Please restate word for word the lines of the entries below from the one with "Standardowy ciągnik siodłowy" to the one with "Honda Beat, motor", inclusive, and leave out every picture.

● **DATA LISTING**
┄┄┄┄┄┄
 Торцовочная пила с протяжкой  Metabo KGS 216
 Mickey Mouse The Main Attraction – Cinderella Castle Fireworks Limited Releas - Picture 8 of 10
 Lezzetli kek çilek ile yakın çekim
┄┄┄┄┄┄
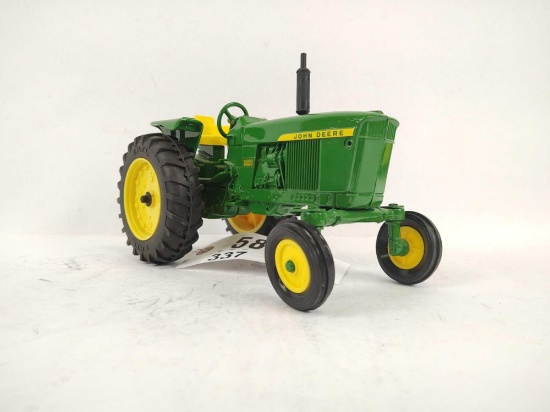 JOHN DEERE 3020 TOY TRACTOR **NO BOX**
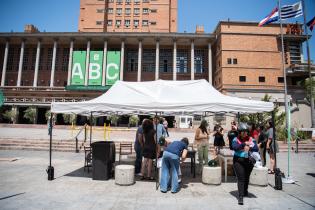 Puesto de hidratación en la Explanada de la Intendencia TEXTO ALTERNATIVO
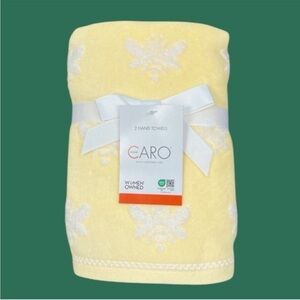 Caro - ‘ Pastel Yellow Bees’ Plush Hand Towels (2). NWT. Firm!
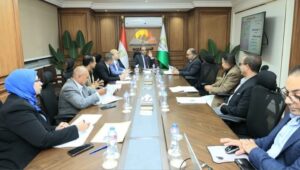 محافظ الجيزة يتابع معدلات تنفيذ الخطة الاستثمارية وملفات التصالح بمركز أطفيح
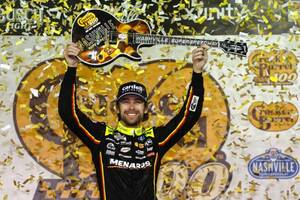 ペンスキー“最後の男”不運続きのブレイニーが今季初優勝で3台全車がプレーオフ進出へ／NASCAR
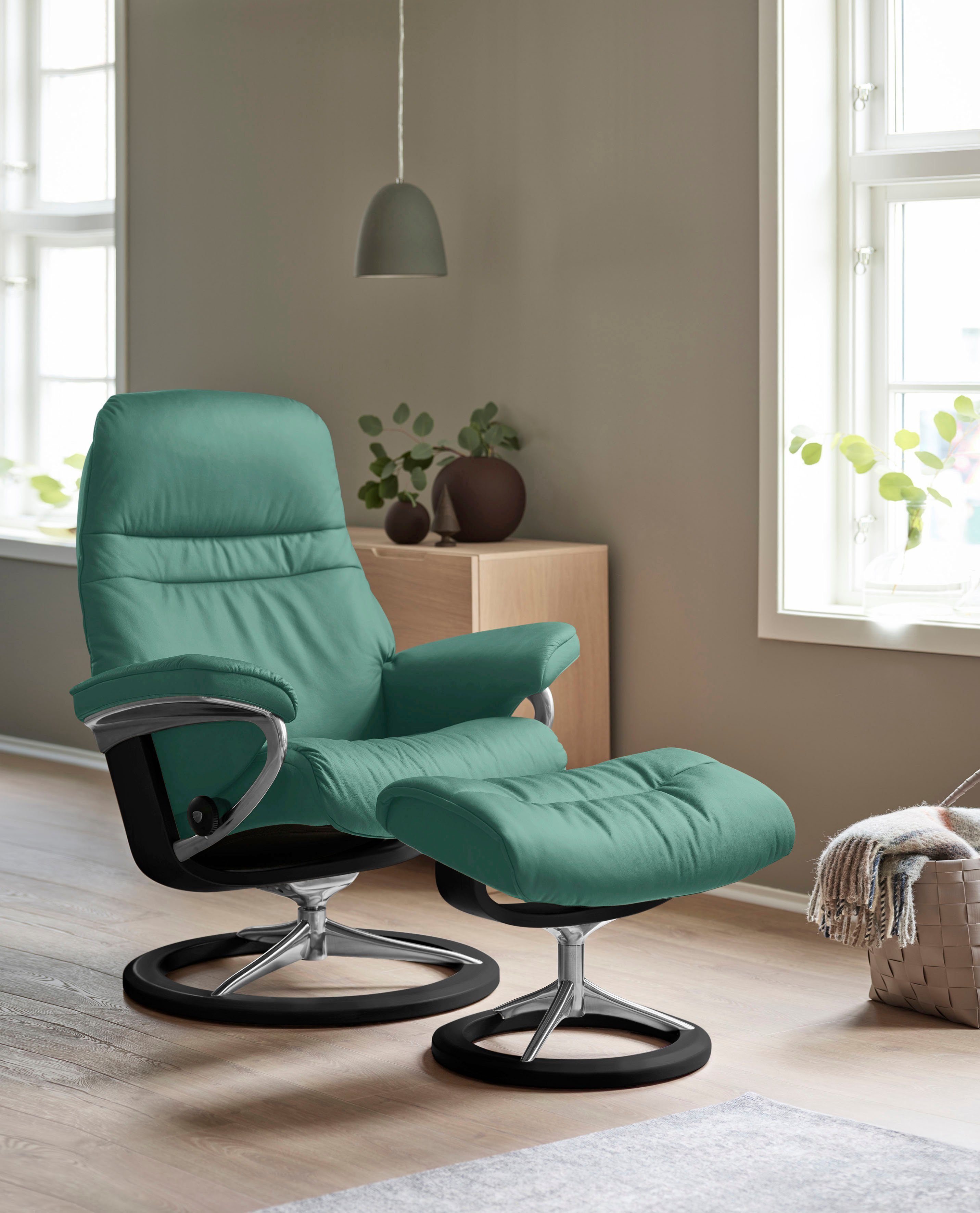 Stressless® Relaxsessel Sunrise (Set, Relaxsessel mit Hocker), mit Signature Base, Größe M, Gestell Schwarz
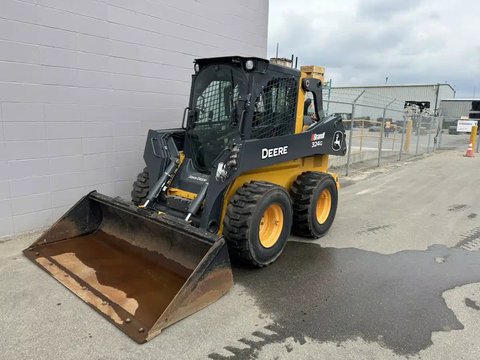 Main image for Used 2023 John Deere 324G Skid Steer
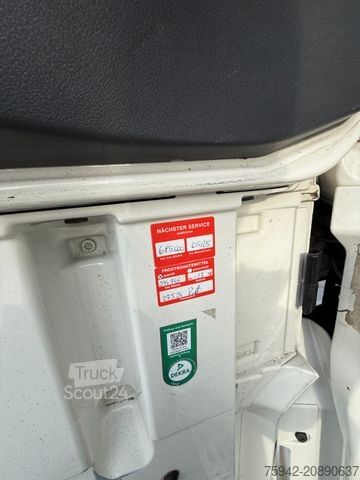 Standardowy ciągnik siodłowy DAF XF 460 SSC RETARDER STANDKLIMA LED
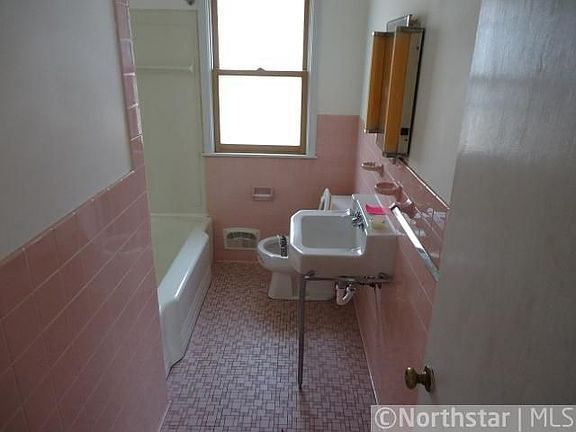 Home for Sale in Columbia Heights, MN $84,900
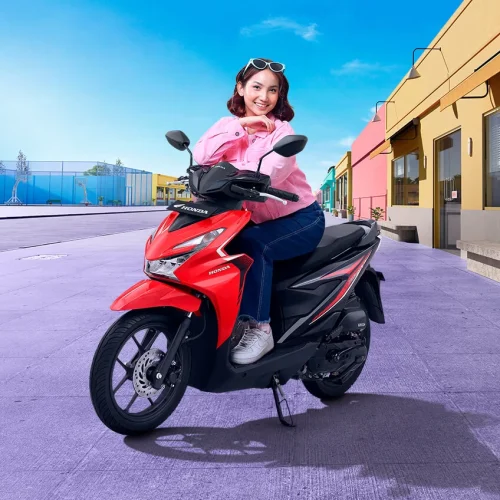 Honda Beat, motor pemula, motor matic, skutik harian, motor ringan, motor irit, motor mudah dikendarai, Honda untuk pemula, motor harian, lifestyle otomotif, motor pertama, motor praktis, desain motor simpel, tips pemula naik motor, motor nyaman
┄┄┄┄┄┄
● **RESPONSE TO THE TASK**
 Standardowy ciągnik siodłowy DAF XF 460 SSC RETARDER STANDKLIMA LED
 Home for Sale in Columbia Heights, MN $84,900
 Honda Beat, motor pemula, motor matic, skutik harian, motor ringan, motor irit, motor mudah dikendarai, Honda untuk pemula, motor harian, lifestyle otomotif, motor pertama, motor praktis, desain motor simpel, tips pemula naik motor, motor nyaman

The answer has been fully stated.